» Task to complete: Print the lines below exactly, beginning with the one that contains "23 Royal Palm Point Vero Beach FL 32960" and stopping after the last line.

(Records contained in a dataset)
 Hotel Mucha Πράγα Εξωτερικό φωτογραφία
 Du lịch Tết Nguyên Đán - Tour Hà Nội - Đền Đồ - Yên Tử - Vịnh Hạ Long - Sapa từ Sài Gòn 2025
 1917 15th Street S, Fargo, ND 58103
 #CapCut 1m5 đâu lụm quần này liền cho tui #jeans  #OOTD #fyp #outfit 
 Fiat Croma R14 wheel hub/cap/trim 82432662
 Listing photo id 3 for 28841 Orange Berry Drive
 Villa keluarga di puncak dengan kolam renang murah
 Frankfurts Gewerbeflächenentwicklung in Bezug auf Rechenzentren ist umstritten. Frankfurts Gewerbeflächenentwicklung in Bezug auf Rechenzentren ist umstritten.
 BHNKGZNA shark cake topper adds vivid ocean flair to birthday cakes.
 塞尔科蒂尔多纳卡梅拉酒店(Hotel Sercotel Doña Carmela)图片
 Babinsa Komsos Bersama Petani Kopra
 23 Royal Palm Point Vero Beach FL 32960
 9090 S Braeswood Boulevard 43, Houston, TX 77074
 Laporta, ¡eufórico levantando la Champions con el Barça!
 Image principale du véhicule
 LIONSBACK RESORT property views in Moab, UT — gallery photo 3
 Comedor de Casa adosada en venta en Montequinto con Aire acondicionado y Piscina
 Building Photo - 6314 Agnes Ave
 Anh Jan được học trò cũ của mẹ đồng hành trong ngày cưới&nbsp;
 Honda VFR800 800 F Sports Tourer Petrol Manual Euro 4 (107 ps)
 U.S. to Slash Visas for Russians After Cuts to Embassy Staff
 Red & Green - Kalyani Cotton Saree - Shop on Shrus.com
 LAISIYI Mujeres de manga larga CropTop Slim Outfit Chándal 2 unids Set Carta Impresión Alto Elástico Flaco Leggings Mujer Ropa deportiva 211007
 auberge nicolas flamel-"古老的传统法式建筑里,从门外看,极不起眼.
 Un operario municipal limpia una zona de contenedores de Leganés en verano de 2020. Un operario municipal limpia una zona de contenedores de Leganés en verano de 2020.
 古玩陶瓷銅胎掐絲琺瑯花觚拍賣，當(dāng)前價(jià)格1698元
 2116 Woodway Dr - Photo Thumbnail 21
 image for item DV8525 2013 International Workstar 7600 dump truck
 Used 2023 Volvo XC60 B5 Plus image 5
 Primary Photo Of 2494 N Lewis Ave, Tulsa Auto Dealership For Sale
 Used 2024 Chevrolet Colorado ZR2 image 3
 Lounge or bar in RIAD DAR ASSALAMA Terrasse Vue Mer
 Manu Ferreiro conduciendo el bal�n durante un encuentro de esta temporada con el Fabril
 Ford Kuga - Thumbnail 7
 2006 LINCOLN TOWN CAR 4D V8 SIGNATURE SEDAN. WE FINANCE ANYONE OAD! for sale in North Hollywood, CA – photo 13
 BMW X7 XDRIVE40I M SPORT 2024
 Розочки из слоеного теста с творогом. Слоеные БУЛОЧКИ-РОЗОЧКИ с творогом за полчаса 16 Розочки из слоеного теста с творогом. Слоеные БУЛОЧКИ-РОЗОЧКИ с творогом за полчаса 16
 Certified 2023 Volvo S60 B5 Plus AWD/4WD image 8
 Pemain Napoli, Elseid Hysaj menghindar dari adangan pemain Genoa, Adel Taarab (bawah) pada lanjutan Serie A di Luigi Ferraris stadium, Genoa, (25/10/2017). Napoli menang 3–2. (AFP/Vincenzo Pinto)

» Task answer:
 23 Royal Palm Point Vero Beach FL 32960
 9090 S Braeswood Boulevard 43, Houston, TX 77074
 Laporta, ¡eufórico levantando la Champions con el Barça!
 Image principale du véhicule
 LIONSBACK RESORT property views in Moab, UT — gallery photo 3
 Comedor de Casa adosada en venta en Montequinto con Aire acondicionado y Piscina
 Building Photo - 6314 Agnes Ave
 Anh Jan được học trò cũ của mẹ đồng hành trong ngày cưới&nbsp;
 Honda VFR800 800 F Sports Tourer Petrol Manual Euro 4 (107 ps)
 U.S. to Slash Visas for Russians After Cuts to Embassy Staff
 Red & Green - Kalyani Cotton Saree - Shop on Shrus.com
 LAISIYI Mujeres de manga larga CropTop Slim Outfit Chándal 2 unids Set Carta Impresión Alto Elástico Flaco Leggings Mujer Ropa deportiva 211007
 auberge nicolas flamel-"古老的传统法式建筑里,从门外看,极不起眼.
 Un operario municipal limpia una zona de contenedores de Leganés en verano de 2020. Un operario municipal limpia una zona de contenedores de Leganés en verano de 2020.
 古玩陶瓷銅胎掐絲琺瑯花觚拍賣，當(dāng)前價(jià)格1698元
 2116 Woodway Dr - Photo Thumbnail 21
 image for item DV8525 2013 International Workstar 7600 dump truck
 Used 2023 Volvo XC60 B5 Plus image 5
 Primary Photo Of 2494 N Lewis Ave, Tulsa Auto Dealership For Sale
 Used 2024 Chevrolet Colorado ZR2 image 3
 Lounge or bar in RIAD DAR ASSALAMA Terrasse Vue Mer
 Manu Ferreiro conduciendo el bal�n durante un encuentro de esta temporada con el Fabril
 Ford Kuga - Thumbnail 7
 2006 LINCOLN TOWN CAR 4D V8 SIGNATURE SEDAN. WE FINANCE ANYONE OAD! for sale in North Hollywood, CA – photo 13
 BMW X7 XDRIVE40I M SPORT 2024
 Розочки из слоеного теста с творогом. Слоеные БУЛОЧКИ-РОЗОЧКИ с творогом за полчаса 16 Розочки из слоеного теста с творогом. Слоеные БУЛОЧКИ-РОЗОЧКИ с творогом за полчаса 16
 Certified 2023 Volvo S60 B5 Plus AWD/4WD image 8
 Pemain Napoli, Elseid Hysaj menghindar dari adangan pemain Genoa, Adel Taarab (bawah) pada lanjutan Serie A di Luigi Ferraris stadium, Genoa, (25/10/2017). Napoli menang 3–2. (AFP/Vincenzo Pinto)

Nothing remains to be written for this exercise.